Informatics Challenges in 2D-PAGE Analysis
The analysis pathway for 2D-PAGE gel images is essentially quite similar to that for microarrays. The first step is an image analysis, in which the positions of spots on the gel are identified and the boundaries between different spots are resolved. Molecular weight and isoelectric point (PI) for each protein in the gel can be estimated according to position.
Next, the spots are identified, and sequence information is used to make the connection between a particular spot and its gene sequence. In proteome analysis, the immobilized proteins can either be sequenced in situ or spots of protein can be physically removed from the gel, eluted, and analyzed using mass spectrometry methods such as electrospray ionization mass spectrometry (ESI-MS) or matrix-assisted laser desorption ionization mass spectrometry (MALDI).

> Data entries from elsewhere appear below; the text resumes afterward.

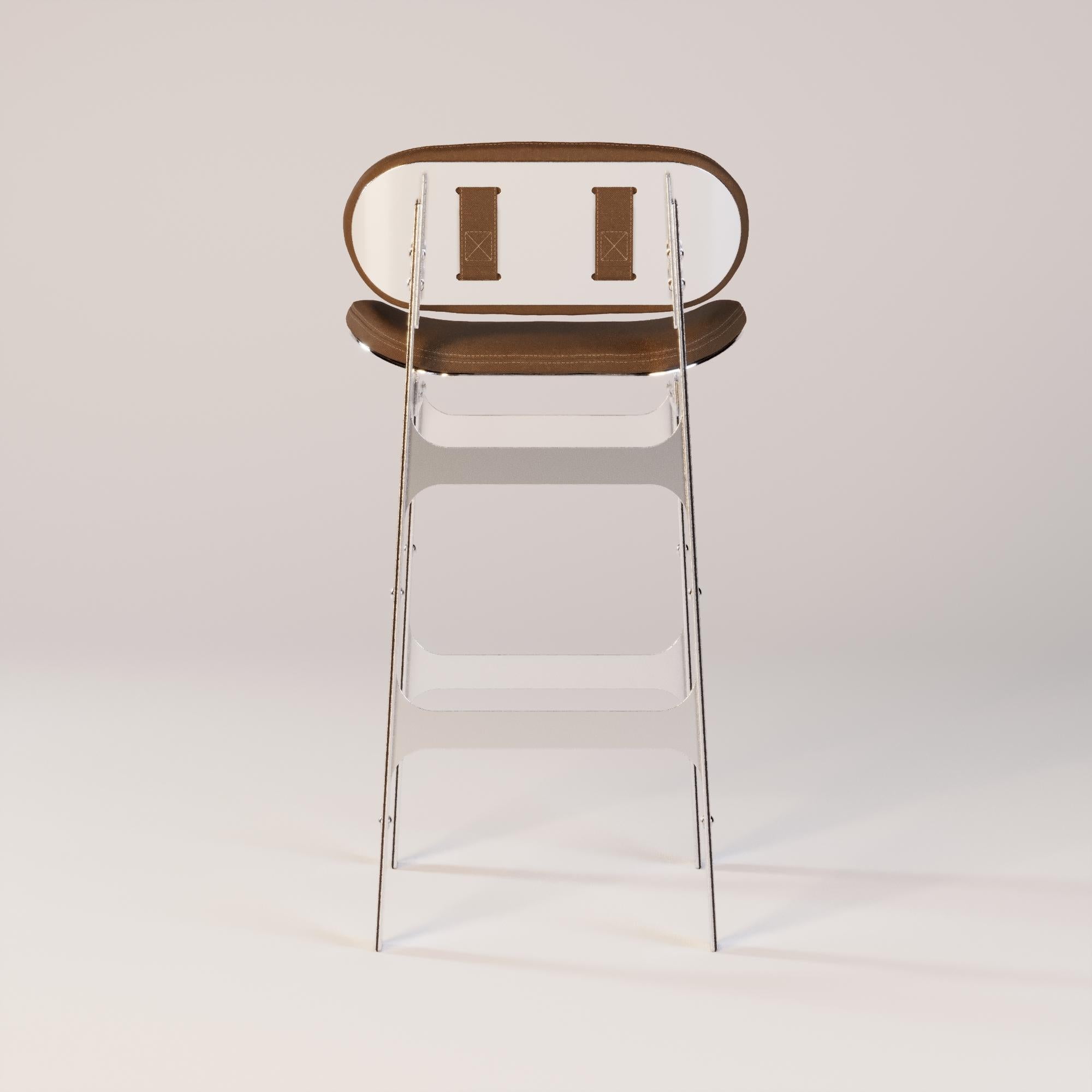 Orizon Barstuhl

Mit seinen sanften Kurven, die der Bewegung des Lichts folgen, hebt sich dieser Barstuhl von den Beinen aus Metallblech ab, die den ganzen Tag über subtile Reflexionen einfangen. Ergonomischer Sitz und Rückenlehne sorgen für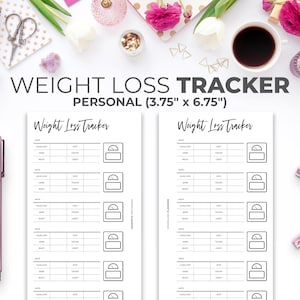 Op de afbeelding: Een witte Weight Loss Tracker persoonlijke planner met een zwart lettertype. De planner bevat secties om gewicht, metingen en data bij te houden. De planner is 9,5 cm x 17,1 cm groot. De woorden "Weight Loss Tracker" staan bovenaan.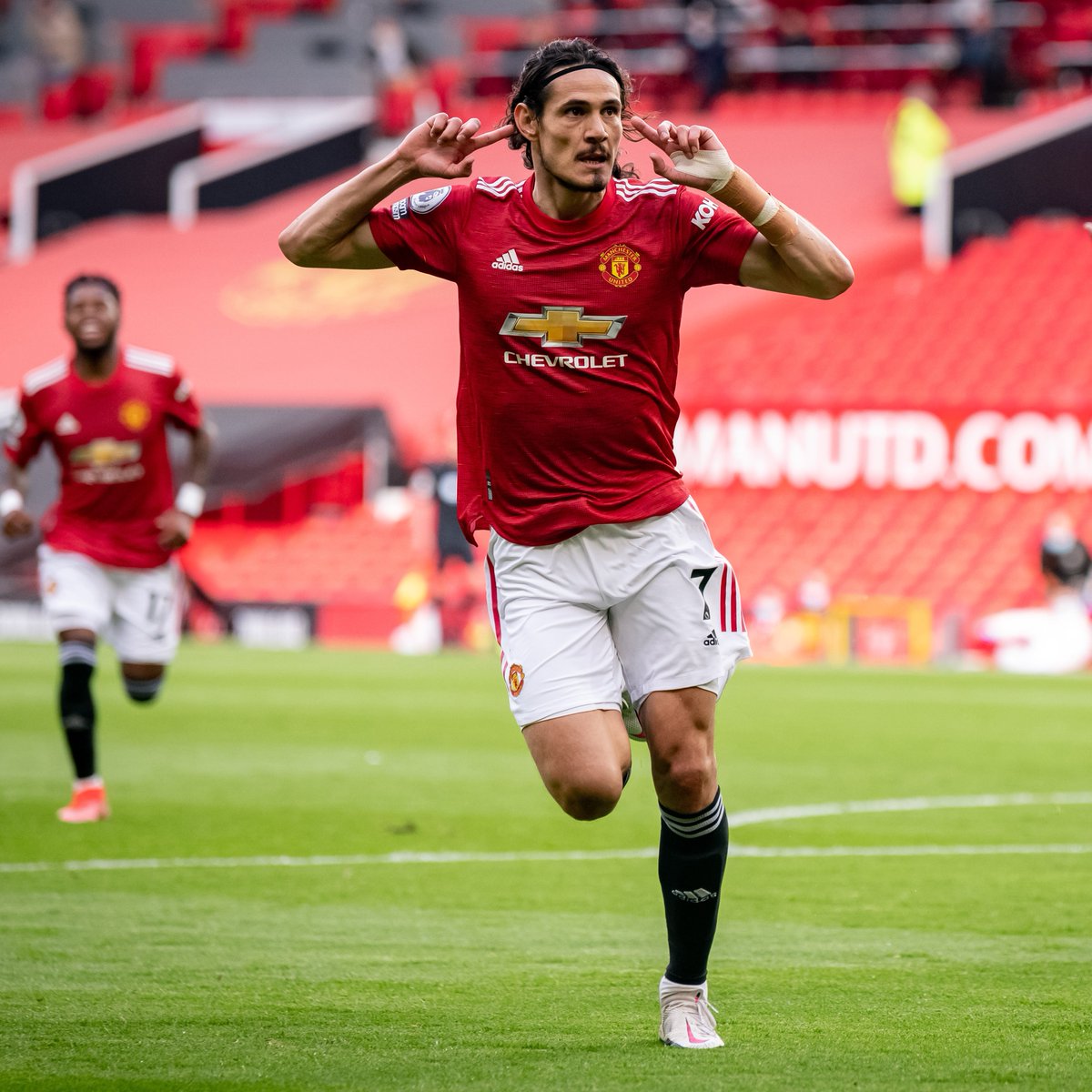 When fans returned to Old Trafford for the last home game, Cavani greeted them with this!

Tools for Proteomics Analysis
Several public-domain programs for proteomics analysis are available on the Web. Most of these can be accessed through the excellent proteomics resource at Expert Protein Analysis System (ExPASy). ExPASy is the Swiss Institute of Bioinformatics Resource Portal which provides access to scientific databases and software tools (i.e., resources) in different areas of life sciences including proteomics, genomics, phylogeny, systems biology, population genetics, transcriptomics etc.
Biochemical Pathway Databases
Gene and protein expression are only two steps in the translation of genetic code to phenotype. Once genes are expressed and translated into proteins, their products participate in complicated biochemical interactions called pathways, as shown in Figure 6. Each pathway may supply chemical precursors to many other pathways, meaning that each protein has relationships not only to the preceding and following biochemical steps in a single pathway, but possibly to steps in several pathways. The complicated branching of metabolic pathways are far more difficult to represent and search than the linear sequences of genes and genomes.

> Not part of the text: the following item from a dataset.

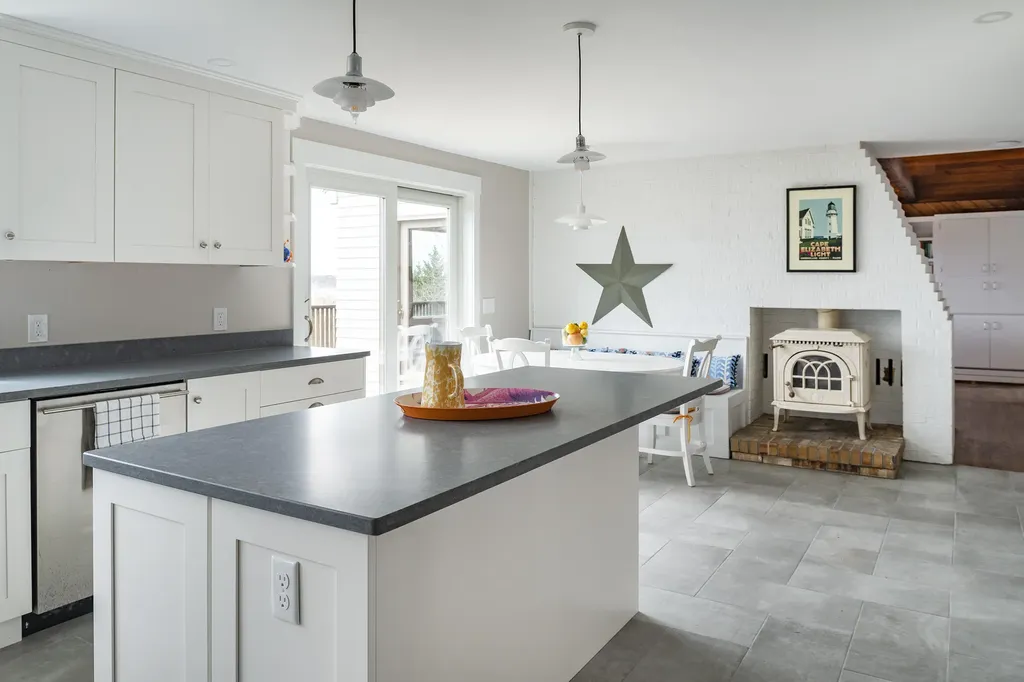 18 Angell Point Road Cape Elizabeth ME 04107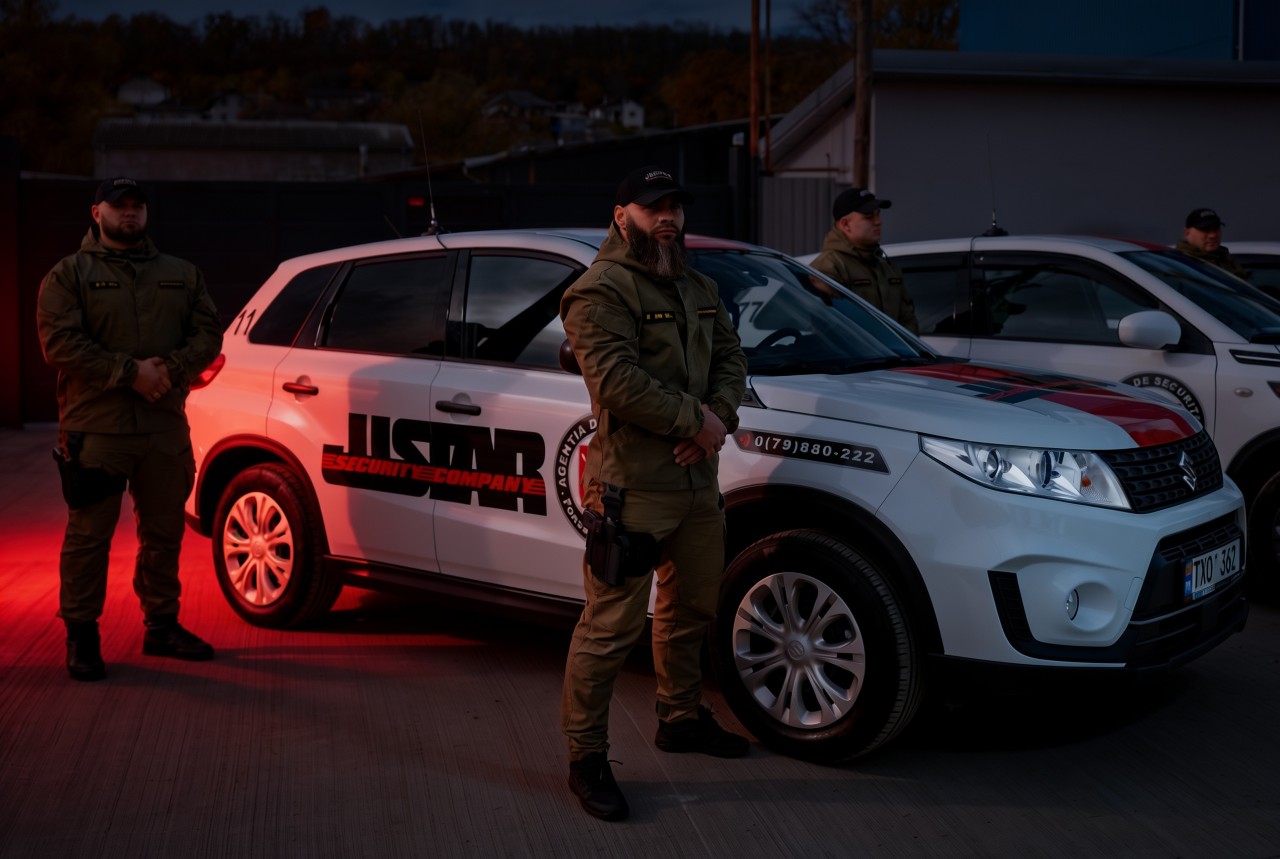 Echipa de intervenție Justar lângă mașinile de patrulare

Figure 6. A complex metabolic pathway
Several web-based services offer access to metabolic pathway information.
The best known metabolic pathway resources on the Web is the Kyoto Encyclopedia of Genes and Genomes (KEGG). KEGG provides its metabolic overviews as map illustrations, rather than text-only, and can be easier to use for the visually-oriented user. KEGG also provides listings of EC numbers and their corresponding enzymes broken down by level, and many helpful links to sites describing enzyme and ligand nomenclature in detail. The LIGAND database, associated with KEGG, is a useful resource for identifying small molecules involved in biochemical pathways. KEGG is searchable by sequence homology, keyword, and chemical entity; you can also input the LIGAND ID codes of two small molecules and find all of the possible metabolic pathways connecting them.
PathDB is another type of metabolic pathway database. While it contains roughly the same information as KEGG—identities of compounds and metabolic proteins, and information about the steps that connect these entities—it handles information in a far more flexible way than the other metabolic databases. Instead of limiting searches to arbitrary metabolic pathways and describing pathways with preconceived images, PathDB allows you to find any set of connected reactions that link point A to point B, or compound A to compound B. PathDB contains, in addition to the usual search tools, a pathway visualization interface that allows you to review any selected pathway and display different representations of the pathway.